We've had a 220 for 30 months and a 330 and a 540 for about 18 months. In that time we've never had a raid scrub problem.
On April 25 we got 3 raid scrub error messages. I called netapp (that morning) and the CE said that there was nothing to worry about unless they continue and/or there are hard disk errors associated with the problem. I expected that this was the case, and accepted this response.
Please note that everything seems to be just fine, and I'm probably being a nervous Nelly. The error didn't reoccur, even though we ran scrub twice on the machine during the week.
On Thursday I called back (having had second thoughts, but also having been out of town), and asked for further clarification. In particular:
(1) How can there be a parity inconsistency w/o some sort of disk error? If there was a hard error why is there no log entry for same? If there was no error then how can the parity be wrong? Disk_stat reports that since the filer was booted (2 months ago) there have been 3 recovered errors. However I would not expect a recovered error to produce a parity inconsistency, since the correct data should have been recovered.
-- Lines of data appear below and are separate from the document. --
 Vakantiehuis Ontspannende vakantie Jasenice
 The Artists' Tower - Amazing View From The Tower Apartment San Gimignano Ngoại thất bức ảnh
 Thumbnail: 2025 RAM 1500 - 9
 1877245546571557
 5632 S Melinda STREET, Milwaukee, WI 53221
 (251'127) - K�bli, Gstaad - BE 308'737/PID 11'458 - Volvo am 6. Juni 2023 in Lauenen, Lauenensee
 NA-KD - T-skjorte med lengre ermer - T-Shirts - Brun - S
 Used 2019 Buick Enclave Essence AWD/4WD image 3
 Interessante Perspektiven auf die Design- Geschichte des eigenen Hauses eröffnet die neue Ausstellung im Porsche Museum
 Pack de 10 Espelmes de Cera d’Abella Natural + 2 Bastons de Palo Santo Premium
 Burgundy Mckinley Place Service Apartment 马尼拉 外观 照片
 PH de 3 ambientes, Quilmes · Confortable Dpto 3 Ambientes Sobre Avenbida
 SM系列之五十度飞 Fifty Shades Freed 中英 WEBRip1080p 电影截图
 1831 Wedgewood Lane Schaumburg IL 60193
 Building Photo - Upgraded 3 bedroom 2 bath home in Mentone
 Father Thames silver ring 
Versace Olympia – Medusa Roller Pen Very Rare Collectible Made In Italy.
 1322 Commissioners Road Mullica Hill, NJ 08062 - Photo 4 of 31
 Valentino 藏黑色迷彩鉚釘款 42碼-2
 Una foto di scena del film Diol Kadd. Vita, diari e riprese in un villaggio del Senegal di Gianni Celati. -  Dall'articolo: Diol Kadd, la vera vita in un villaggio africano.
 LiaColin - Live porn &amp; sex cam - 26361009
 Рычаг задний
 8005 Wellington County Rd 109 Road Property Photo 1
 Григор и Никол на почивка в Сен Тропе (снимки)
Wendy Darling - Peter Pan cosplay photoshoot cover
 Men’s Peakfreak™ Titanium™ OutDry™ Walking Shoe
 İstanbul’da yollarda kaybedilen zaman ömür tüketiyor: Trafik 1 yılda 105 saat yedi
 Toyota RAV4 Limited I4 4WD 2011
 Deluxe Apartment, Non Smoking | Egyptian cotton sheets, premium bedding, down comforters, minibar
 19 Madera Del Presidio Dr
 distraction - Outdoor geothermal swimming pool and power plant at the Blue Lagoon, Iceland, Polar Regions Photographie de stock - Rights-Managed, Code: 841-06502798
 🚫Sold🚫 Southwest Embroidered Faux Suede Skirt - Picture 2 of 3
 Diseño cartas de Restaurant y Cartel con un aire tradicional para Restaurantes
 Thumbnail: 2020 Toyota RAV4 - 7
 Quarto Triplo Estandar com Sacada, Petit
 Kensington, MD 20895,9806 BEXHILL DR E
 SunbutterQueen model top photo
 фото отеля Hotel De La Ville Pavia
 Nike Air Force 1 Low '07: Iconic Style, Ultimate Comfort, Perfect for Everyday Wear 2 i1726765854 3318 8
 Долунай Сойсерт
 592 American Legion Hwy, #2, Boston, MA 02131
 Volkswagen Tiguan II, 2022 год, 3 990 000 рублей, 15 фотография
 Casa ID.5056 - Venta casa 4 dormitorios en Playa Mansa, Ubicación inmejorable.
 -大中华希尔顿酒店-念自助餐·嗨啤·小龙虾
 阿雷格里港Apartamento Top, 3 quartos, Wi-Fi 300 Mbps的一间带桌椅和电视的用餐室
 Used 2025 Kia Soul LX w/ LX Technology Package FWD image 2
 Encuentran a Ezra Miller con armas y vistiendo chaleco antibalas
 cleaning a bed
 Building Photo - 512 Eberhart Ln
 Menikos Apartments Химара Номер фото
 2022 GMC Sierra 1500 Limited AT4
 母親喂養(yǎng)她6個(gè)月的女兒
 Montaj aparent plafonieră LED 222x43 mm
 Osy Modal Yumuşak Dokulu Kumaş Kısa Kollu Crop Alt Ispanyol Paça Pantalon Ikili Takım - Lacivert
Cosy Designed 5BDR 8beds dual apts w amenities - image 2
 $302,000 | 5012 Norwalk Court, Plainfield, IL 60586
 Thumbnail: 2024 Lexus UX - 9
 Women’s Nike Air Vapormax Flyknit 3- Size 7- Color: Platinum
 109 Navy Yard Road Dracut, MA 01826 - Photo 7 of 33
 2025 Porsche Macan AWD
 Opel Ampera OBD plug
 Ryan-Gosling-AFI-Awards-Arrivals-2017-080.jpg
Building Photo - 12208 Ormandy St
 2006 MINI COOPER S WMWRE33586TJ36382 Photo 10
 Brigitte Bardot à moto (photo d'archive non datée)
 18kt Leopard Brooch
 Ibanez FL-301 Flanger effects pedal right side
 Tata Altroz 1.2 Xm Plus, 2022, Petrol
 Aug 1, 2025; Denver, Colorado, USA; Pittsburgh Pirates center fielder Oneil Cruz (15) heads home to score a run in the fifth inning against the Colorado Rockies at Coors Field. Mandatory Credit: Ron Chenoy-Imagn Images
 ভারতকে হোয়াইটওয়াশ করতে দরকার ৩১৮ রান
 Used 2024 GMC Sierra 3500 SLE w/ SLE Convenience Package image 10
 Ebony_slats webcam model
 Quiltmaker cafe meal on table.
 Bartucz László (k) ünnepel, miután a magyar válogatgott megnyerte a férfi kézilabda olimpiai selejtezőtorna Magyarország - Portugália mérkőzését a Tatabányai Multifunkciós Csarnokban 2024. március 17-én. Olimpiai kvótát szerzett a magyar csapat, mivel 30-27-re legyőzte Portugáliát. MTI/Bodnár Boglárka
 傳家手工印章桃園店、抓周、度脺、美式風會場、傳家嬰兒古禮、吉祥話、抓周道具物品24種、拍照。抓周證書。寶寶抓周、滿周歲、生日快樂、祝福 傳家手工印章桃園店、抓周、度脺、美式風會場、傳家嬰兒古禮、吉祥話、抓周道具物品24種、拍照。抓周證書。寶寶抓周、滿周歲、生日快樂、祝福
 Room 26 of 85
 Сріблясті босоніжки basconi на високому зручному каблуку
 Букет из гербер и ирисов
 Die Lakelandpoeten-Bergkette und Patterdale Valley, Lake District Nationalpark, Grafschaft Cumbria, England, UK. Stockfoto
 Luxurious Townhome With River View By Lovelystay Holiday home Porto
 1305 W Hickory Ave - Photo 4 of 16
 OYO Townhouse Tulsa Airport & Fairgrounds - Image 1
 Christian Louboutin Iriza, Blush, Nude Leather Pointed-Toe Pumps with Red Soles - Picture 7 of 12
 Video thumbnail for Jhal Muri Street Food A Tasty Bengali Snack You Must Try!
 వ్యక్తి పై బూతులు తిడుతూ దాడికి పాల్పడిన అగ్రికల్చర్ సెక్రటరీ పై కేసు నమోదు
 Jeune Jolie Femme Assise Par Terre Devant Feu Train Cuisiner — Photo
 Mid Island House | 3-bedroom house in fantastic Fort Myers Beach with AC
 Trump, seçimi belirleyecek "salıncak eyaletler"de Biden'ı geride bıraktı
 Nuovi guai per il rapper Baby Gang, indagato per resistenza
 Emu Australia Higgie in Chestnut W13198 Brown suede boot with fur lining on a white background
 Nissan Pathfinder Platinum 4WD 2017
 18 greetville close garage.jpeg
(2) How does the system know that the error is in the parity block and not in a data block? The response that we received from netapp support indicated that it may have in fact rewritten a data block, but logged it as a parity block. In either case how can they determine where the error is if a parity inconsistency occurs w/o a corresponding media error?
(3) How can we (as end users) map the stripe number to disk blocks, and then further to the data and/or filesystem info (Inode) blocks.
(4) Short of wacky how can we be really sure of our filesystem/data integrity?
What I got back was (in essence) don't worry, everything is fine and some canned (RAID for dummies) answers about why raid scrubbing is run and a brief synopsis of the error messages. Except for items 3 and 4...
(3) You can't, not really. I believe this and really didn't really expect any other answer, just wishful thinking.
(4) Use wacky and don't forget you have to take the filer out of service and it can take up to 10 hours to check the filesystem [for large values of filesystem]. Or upgrade to 5.3 and it only takes about a hour.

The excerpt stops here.